Entries taken from a collection:
--------------------------------
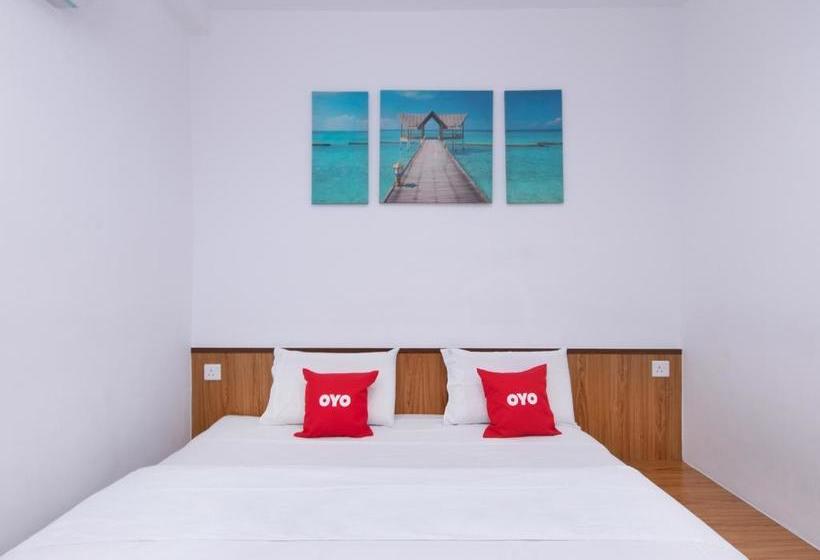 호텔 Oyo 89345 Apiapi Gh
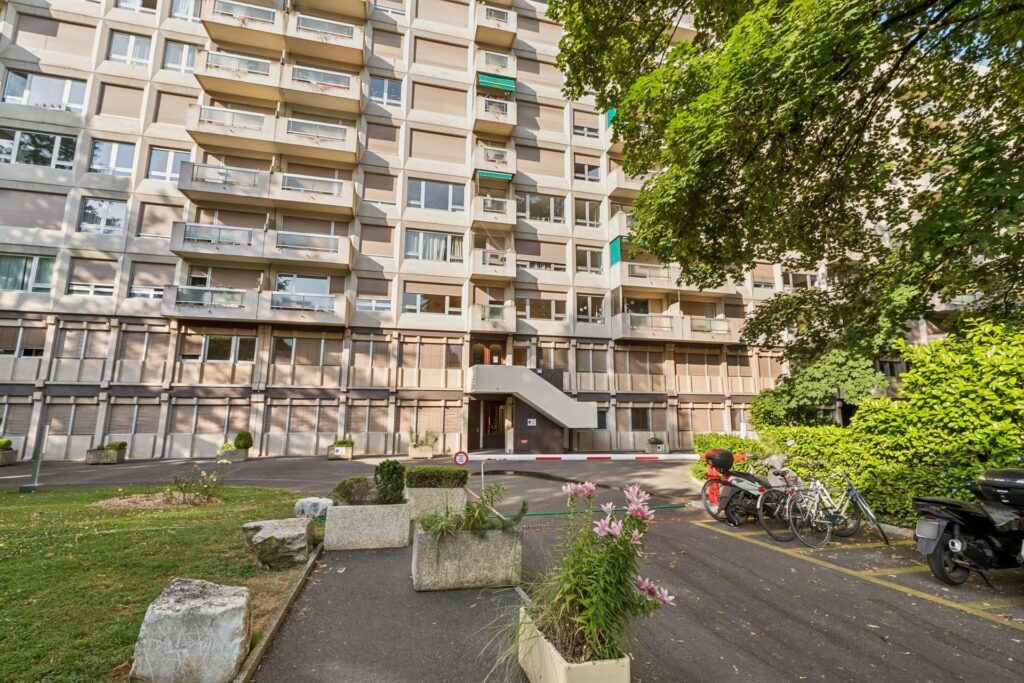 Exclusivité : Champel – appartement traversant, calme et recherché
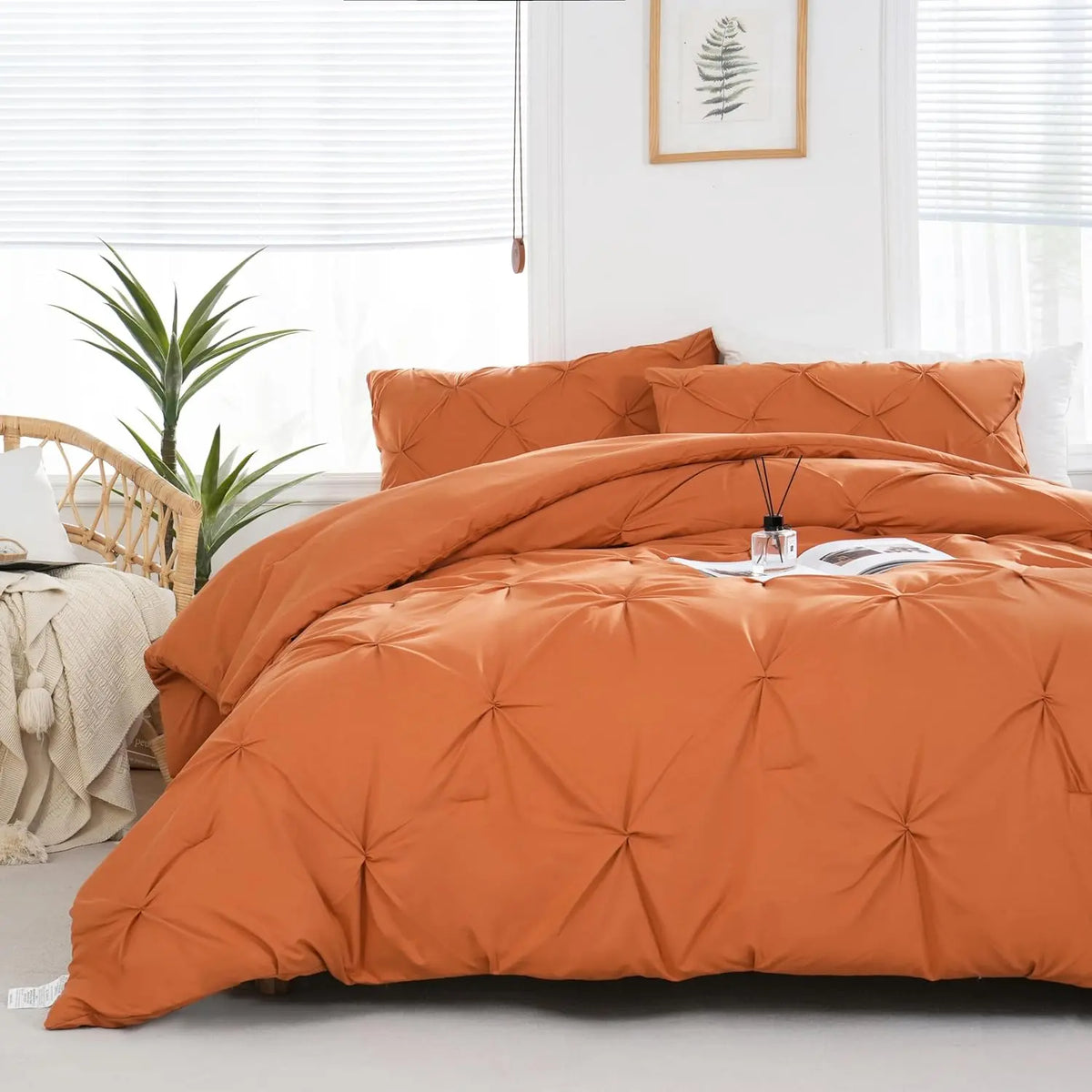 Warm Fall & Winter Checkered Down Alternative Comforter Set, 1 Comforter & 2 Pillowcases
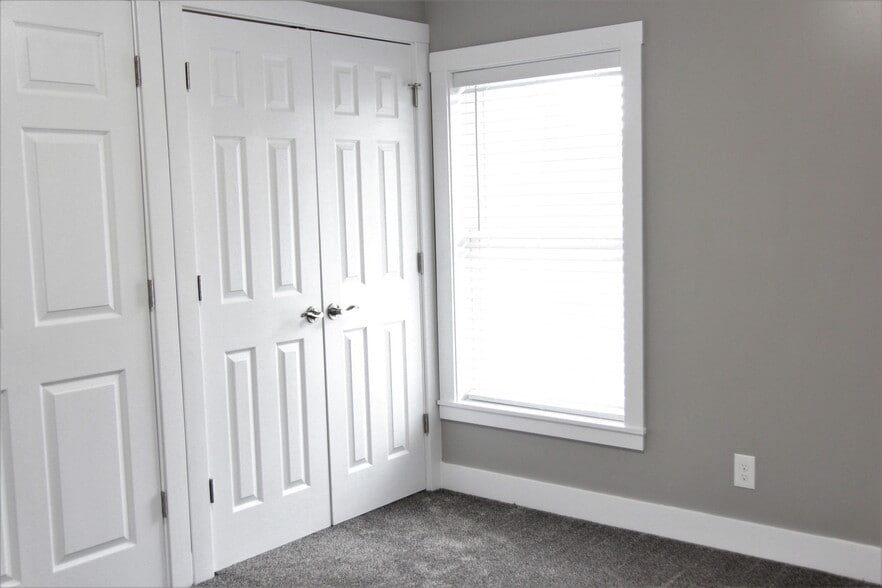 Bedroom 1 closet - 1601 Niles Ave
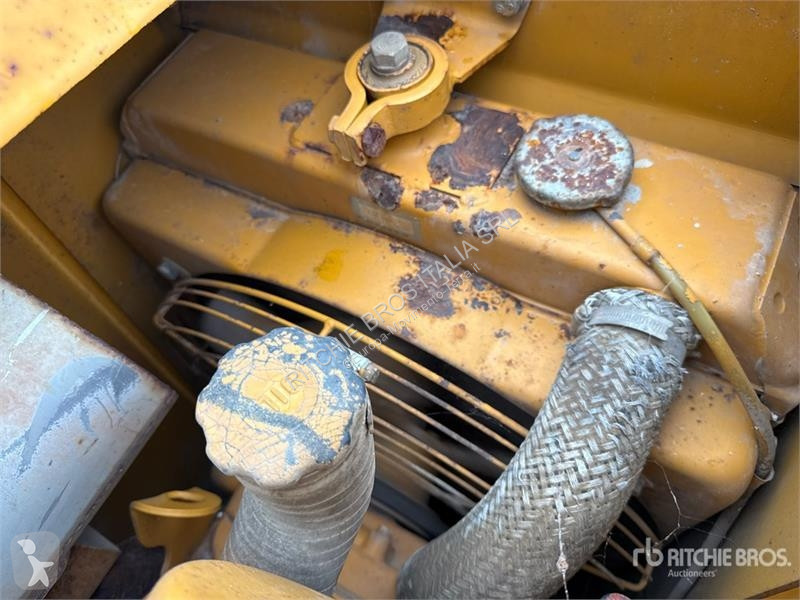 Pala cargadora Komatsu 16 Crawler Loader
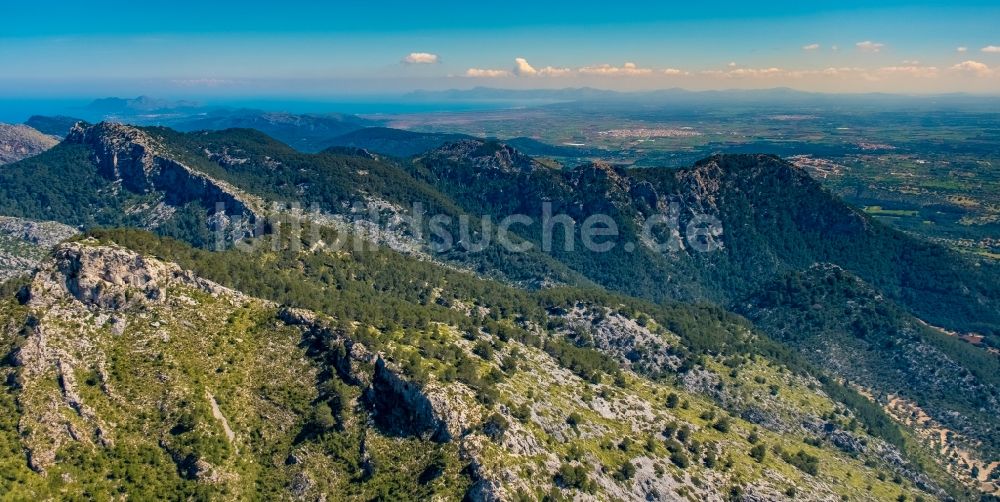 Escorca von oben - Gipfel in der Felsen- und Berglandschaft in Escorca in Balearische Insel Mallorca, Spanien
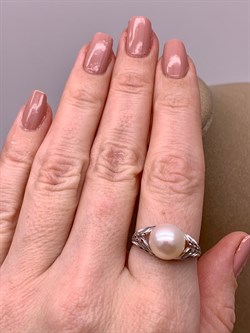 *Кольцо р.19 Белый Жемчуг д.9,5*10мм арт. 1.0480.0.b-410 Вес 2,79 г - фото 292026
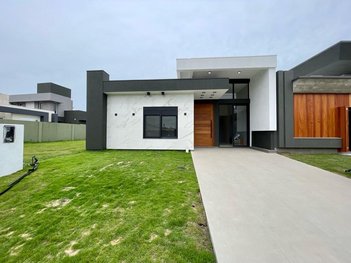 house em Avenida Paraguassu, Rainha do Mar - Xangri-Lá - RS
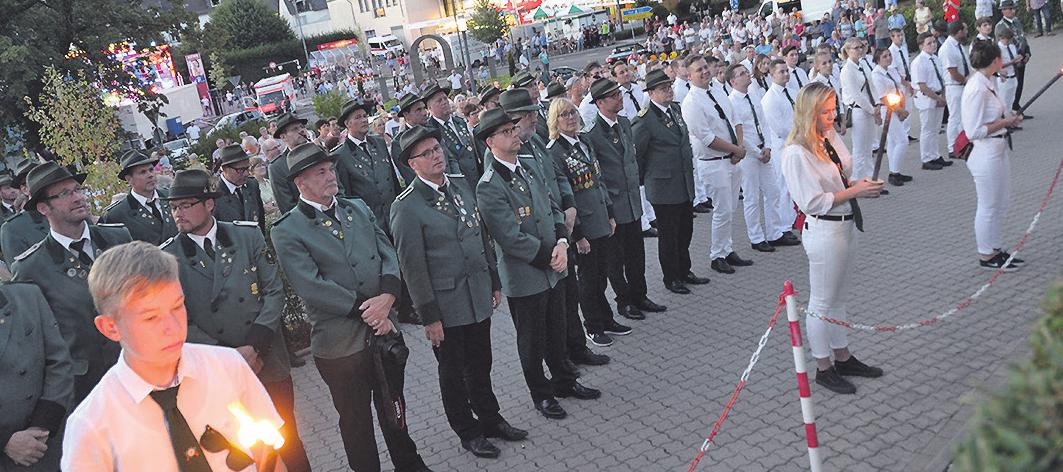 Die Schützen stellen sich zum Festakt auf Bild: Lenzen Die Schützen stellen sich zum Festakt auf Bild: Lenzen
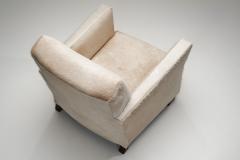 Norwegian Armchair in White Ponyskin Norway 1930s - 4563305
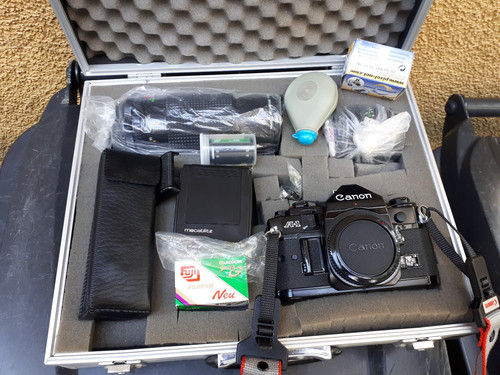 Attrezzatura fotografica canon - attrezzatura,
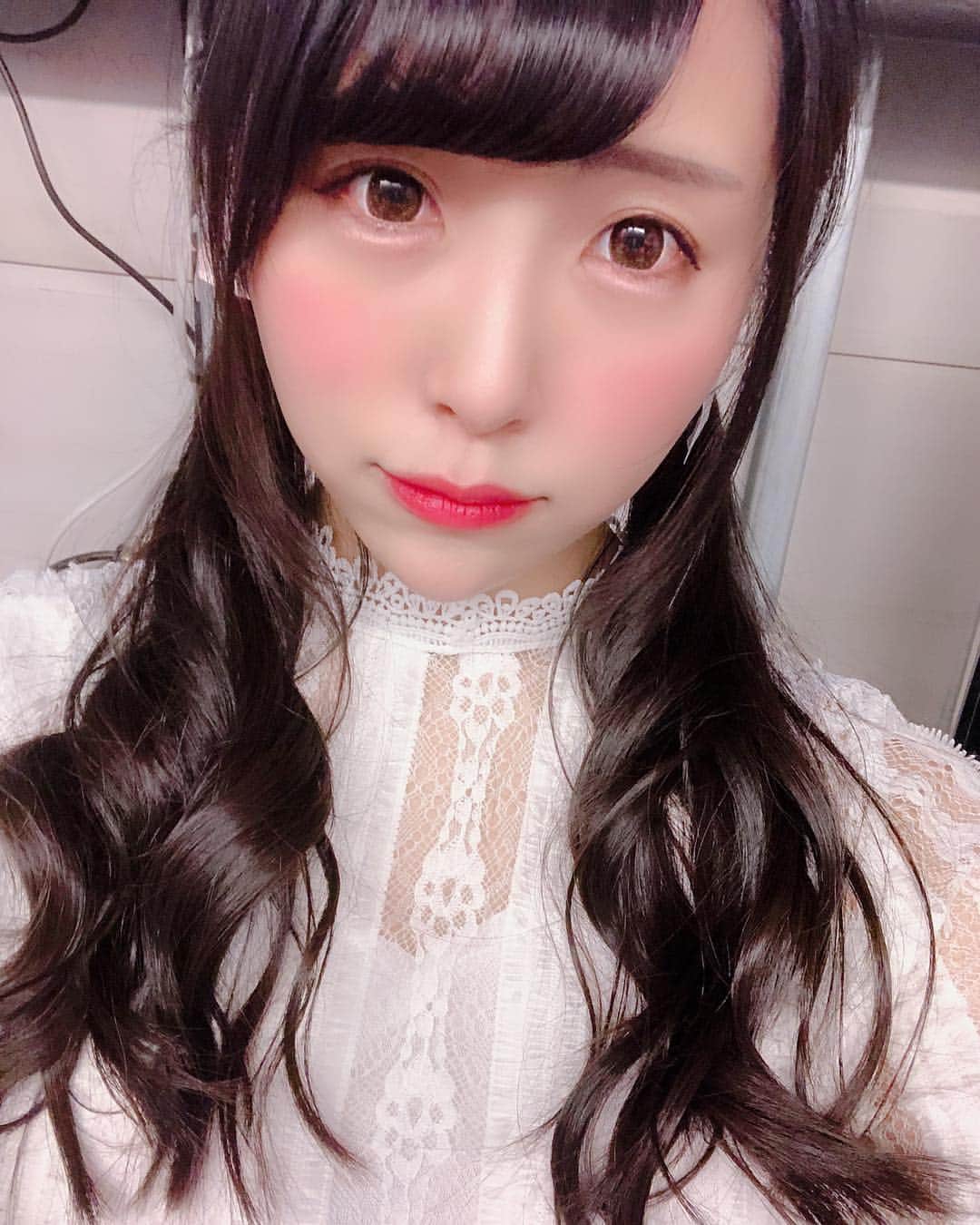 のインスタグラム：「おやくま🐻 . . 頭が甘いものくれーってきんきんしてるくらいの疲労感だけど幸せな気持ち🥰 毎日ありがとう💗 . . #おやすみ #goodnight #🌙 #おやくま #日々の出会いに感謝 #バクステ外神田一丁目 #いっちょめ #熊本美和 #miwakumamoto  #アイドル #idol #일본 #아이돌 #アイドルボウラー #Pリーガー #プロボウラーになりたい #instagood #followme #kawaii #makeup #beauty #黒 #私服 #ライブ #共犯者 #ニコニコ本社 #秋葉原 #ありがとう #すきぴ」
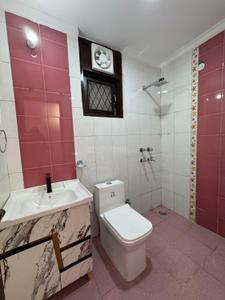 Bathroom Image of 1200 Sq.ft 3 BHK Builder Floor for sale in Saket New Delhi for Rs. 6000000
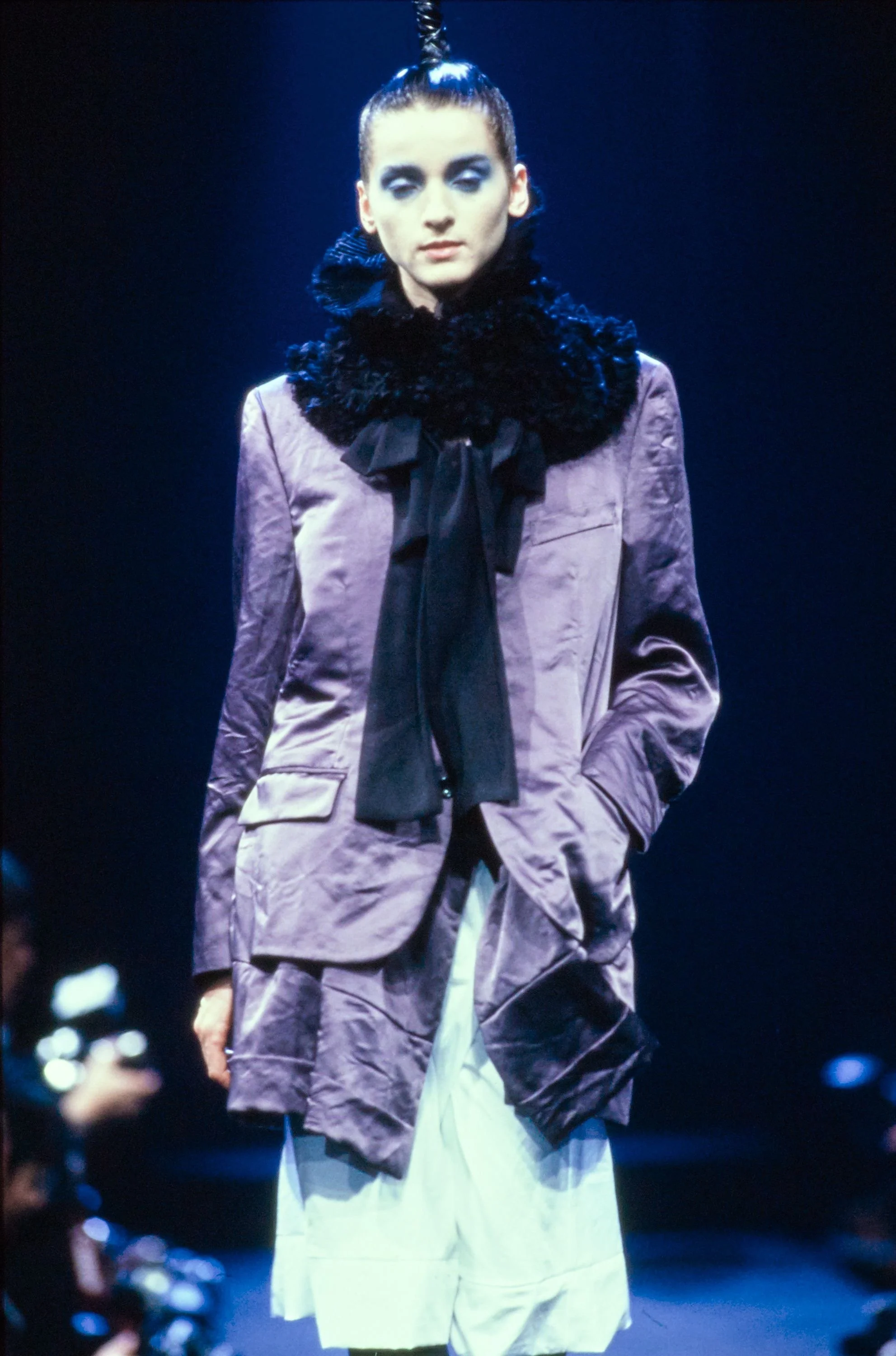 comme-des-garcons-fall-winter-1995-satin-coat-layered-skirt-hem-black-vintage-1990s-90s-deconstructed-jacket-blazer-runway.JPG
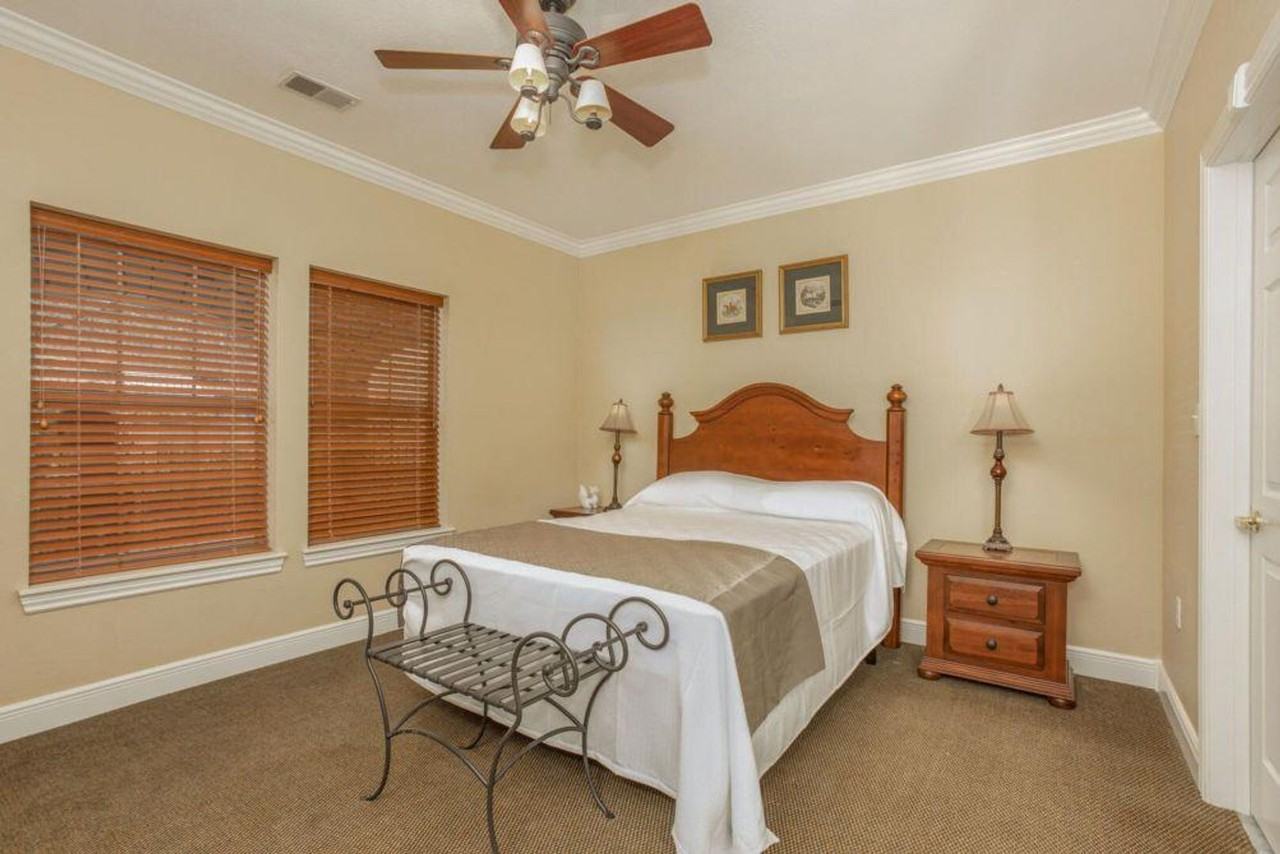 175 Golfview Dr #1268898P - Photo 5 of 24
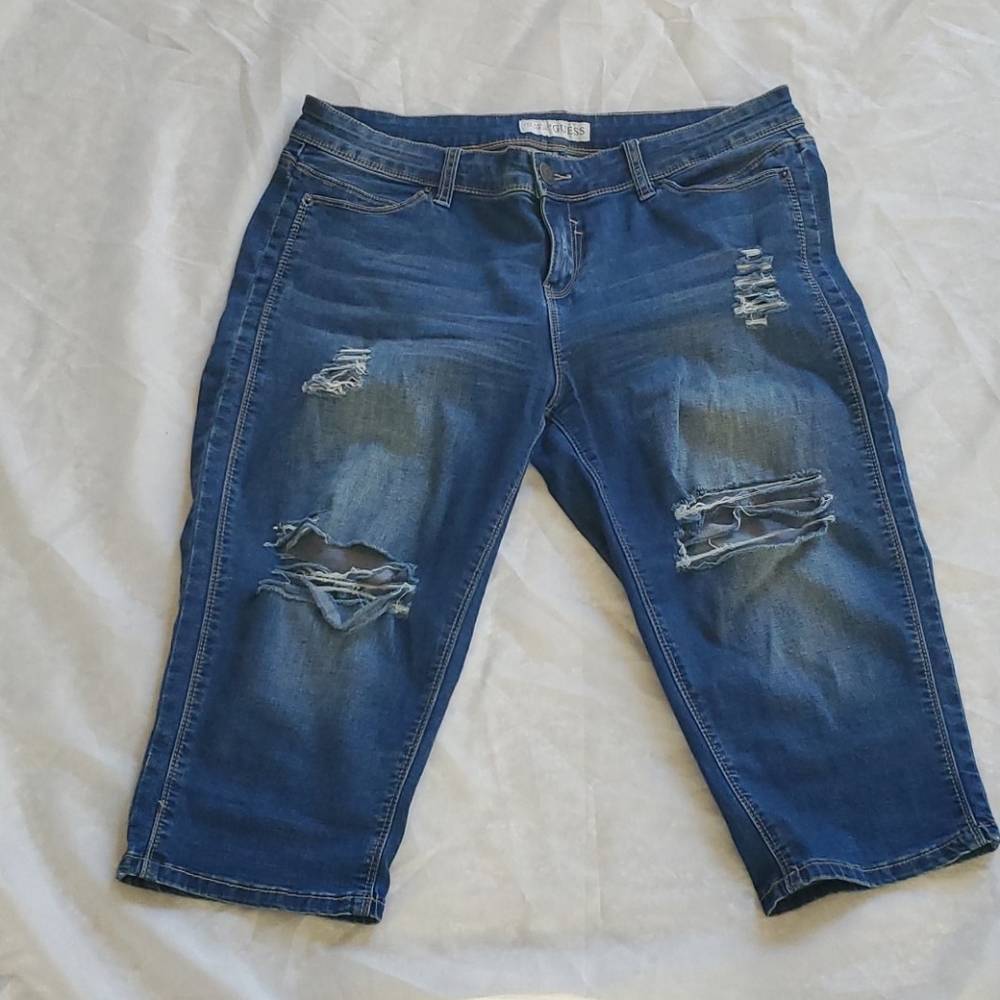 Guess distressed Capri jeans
--------------------------------
__DIRECTIONS__: Retype, word for word, the lines from the one with "175 Golfview Dr #1268898P - Photo 5 of 24" through the last line of the entries above, and only those lines. Leave pictures out.

__EXERCISE ANSWER__:
 175 Golfview Dr #1268898P - Photo 5 of 24
 Guess distressed Capri jeans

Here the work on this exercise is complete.